A couple of years ago I made a further foray into park exploration. Two mysterious openings had been catching my attention through the bus window. After a dozen or so mental notes to investigate “one day”, I finally took the plunge and jumped off the bus. The openings turned out to be entrances to Brunstane Burn path and Ravelston Woods and my curiosity was rewarded with two fascinating natural heritage walks.
From there it wasn’t long before I was park-bagging in earnest. I’d search the Edinburgh map for green patches, the longer the better, and plan my expeditions. Where possible I took the bus so I wouldn’t have to double back and could enjoy a different journey home. It never ceases to amaze me how venturing just a few miles across town can feel like discovering a whole new city.
Meanwhile, I had also set myself an artistic challenge. I wanted to see how many different textures I could reproduce in a pencil drawing and whether I could get pencil to look like paint. The rich, dense foliage of wooded spaces and variety in city park plantings were my perfect subject. The effects aren’t achieved with just a pencil, however. Using different ways to blend and erase the graphite doubles (or even triples) the number of things you can do with the one simple tool.

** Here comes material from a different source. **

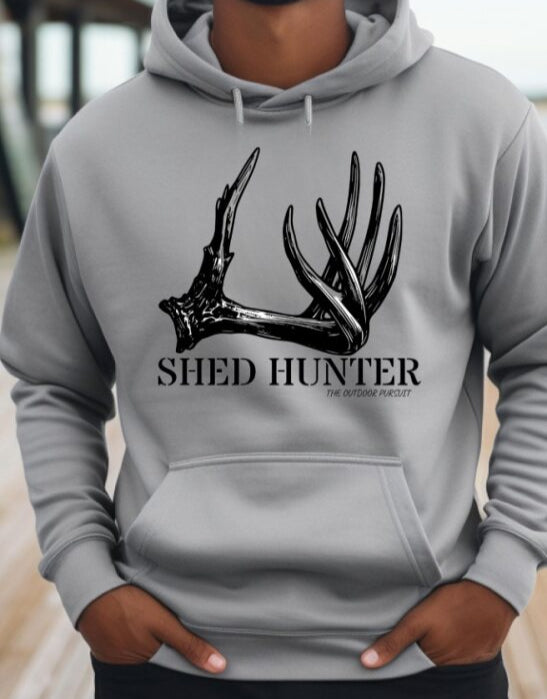 SHED HUNTER WITH ANTLER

The two experiments eventually came together to form the exhibition Parks, Paths and Pencil, now at the Museum of Edinburgh. I’ve learned a lot on my journeys. Every park tells a bit of Edinburgh’s story through the land and its uses, some of which you can see beneath your feet. There is the evidence of our ancient geological past, but also parks emerging from the remnants of old quarries and abandoned factories. The other lesson for me, that I’d like to pass on, is to indulge your curiosity. Don’t wait for a fabled “one day” to investigate something that catches your eye. There really are adventures waiting for you in your own backyard.